I spent some more time thinking about redesigning the stack manipulation for the CPU. Essentially, I feel like if you forget about all of the Forth words like Pop, Over, Pick, Roll, and Tuck, the actual core stack operations are Copy and Delete. Copying targets some elements of the stack and adds them to the top, while deleting does the same targeting but just... deletes them. A "Move" operation would just be a copy, followed by a delete. Pop is delete, Over is a copy, Pick is a copy, Roll is a copy and delete, and Tuck is a different copy and delete.
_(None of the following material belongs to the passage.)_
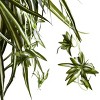 Nearly Natural Spider Plant Hanging Basket: Indoor/Outdoor Decorative Faux Foliage in Wicker Basket - image 3 of 3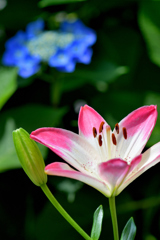 Lilium maculatum with hydrangea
I'm thinking that I can implement Copy and Delete with two bits for the bit-depth, one bit for the stack target, and then at least one more bit for a toggle between a parameter-less operation that has an implicit function, and a version with a 1-byte stack parameter that specifies the target.
---
After working through it a bit more, I ended up with the following: each stack will have a "Copy", "Move", "Delete", and "Stash" opcode that uses a bitmask, but they will also have shorthand opcodes like "Dup" "Drop", and "Swap". There's room for 8 opcodes on each stack, so I have one more to spend, though I might change Stash to be the top value only instead of a bitmask (or add that explicit operation with my remaining budget).
Either way, I'm feeling a lot better about this stack manipulation set up as opposed to my previous situation with extra stacks and the hold register.